One problem was, I saw it at a neighbourhood type theatre and the sound was muffled in places so that I was distracted by missing some of the spoken lines. And the screen wasn't high quality so that I missed such brilliant filmed clarity as there is. I think the poor screen quality blunted some of the scenes' impact.
I have to cop to finding the movie tedious generally and at times irritatingly so. I kept glancing at my watch, not wishing the movie was over but wishing it could pick up its pace some.
Which isn't to say it isn't strongly affecting. Clearly it is.
But other than the poor screen quality, I don't know why I wasn't fully feeling it. There is for me something detached and distance-making in the film making. I couldn't get inside it emotionally though for sure individual scenes shocked and horrified me.
A few points among the many that could be made:
I didn't feel like twelve years had gone by. There was something static and staged in the movement of the story, like the movie was more a series of staged scenes that were united by subject matter but lacked being part of a dynamically moving story.
I think Ejiofor was inert in his acting. But I have a two sided reaction to it. I think in his acting and as he was directed, he and McQueen were trying to convey his sheer powerlessness. And there was something intensely anti heroic in his needing to whip Patsey and in his inability to stop Fassbender from doing it. Every internalized Hollywood instinct made me wish for some last minute save of her by Northrup, that he might turn the whip on Fassbender in some Django Unchained revenge fantasy. But of course he couldn't; and the directorial restraint in Northrup needing to cow-tow to Fassbender and do some of the whipping, however half heartedly, is shattering. So I could appreciate the quietude in Ejiofor's acting.

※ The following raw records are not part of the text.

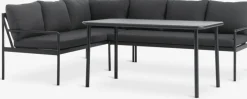 STROEMSTADConjunto muebles jardín STROEMSTAD 6 plazas negro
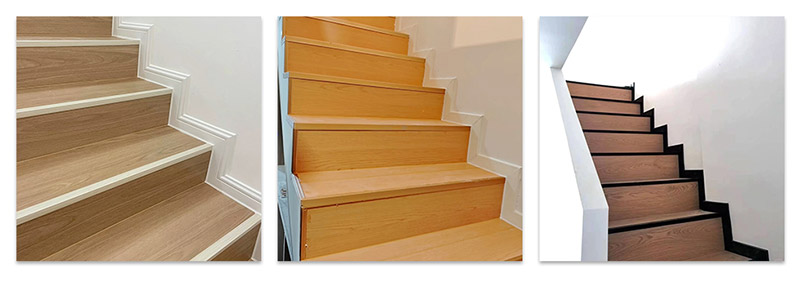 Listones para mamparas de escaleras en forma de F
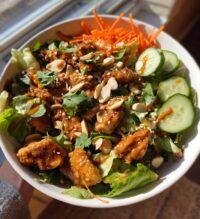 crispy asian chicken salad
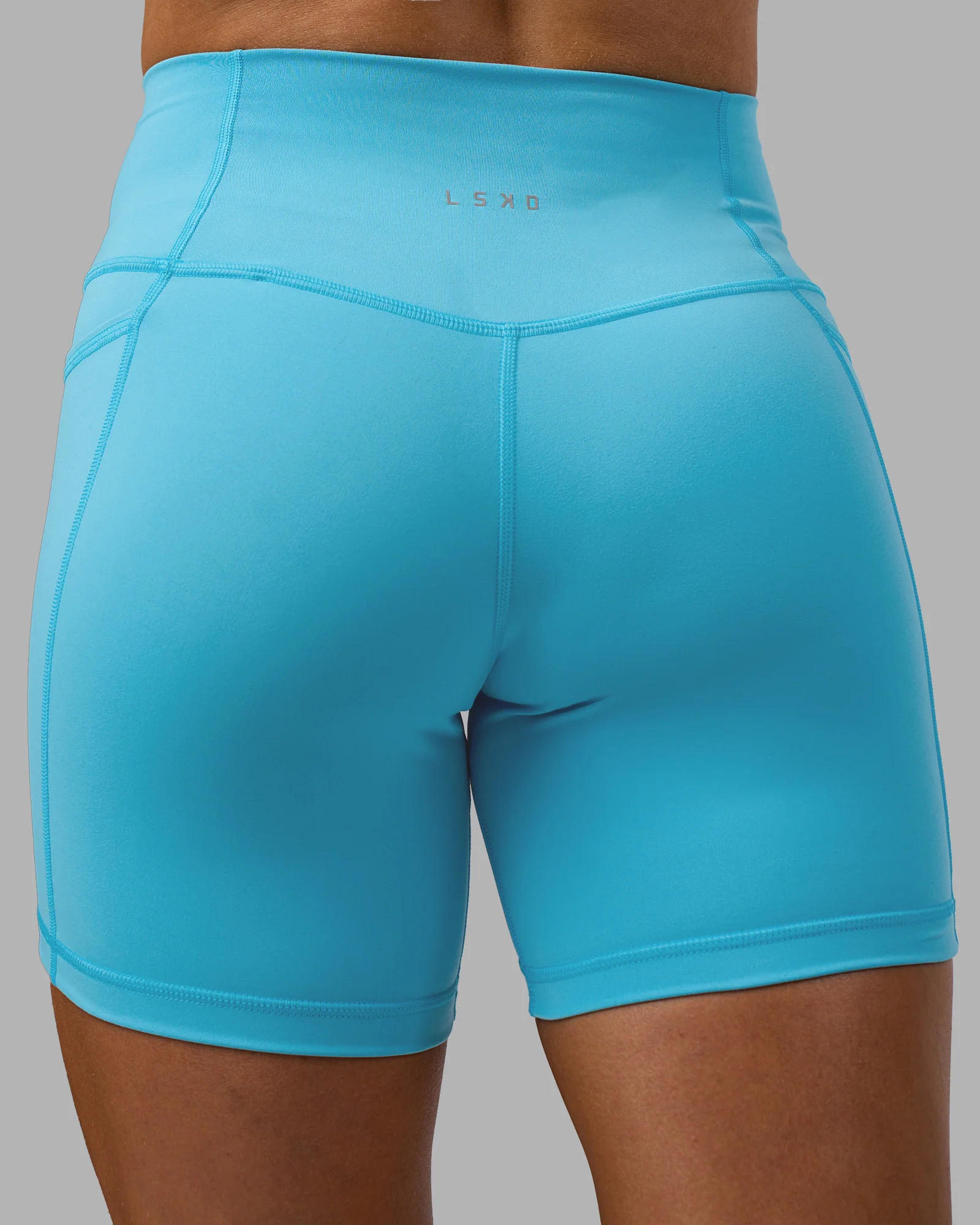 Fusion High-Rise 6" Short Pockets - Blue Atoll - Image 8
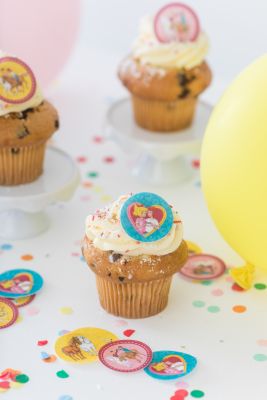 Muffinaufleger Bibi und Tina 4 Motive 12 Stück 4cm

But the suppressed rage, the internalized fury of his frustration, his longing for his family, all that kind of emotion eluded me. So I found his acting paradoxical.
Myself, I find a clue to the-for-me inert, staged quality of the movie in what is effectively a jarring set piece of liberal piety in Brad Pitt's speech. It was so heavy handedly didactic and so at odds with brutal, unsparing and effective realism of the slavery shown throughout the movie. I have to wonder what McQueen was thinking.
A final note: I noted on FB that I saw Broken Circle Breakdown. I was so moved by it that I didn't feel like carping about the odd this and that. I feel no such compunction about 12 Years.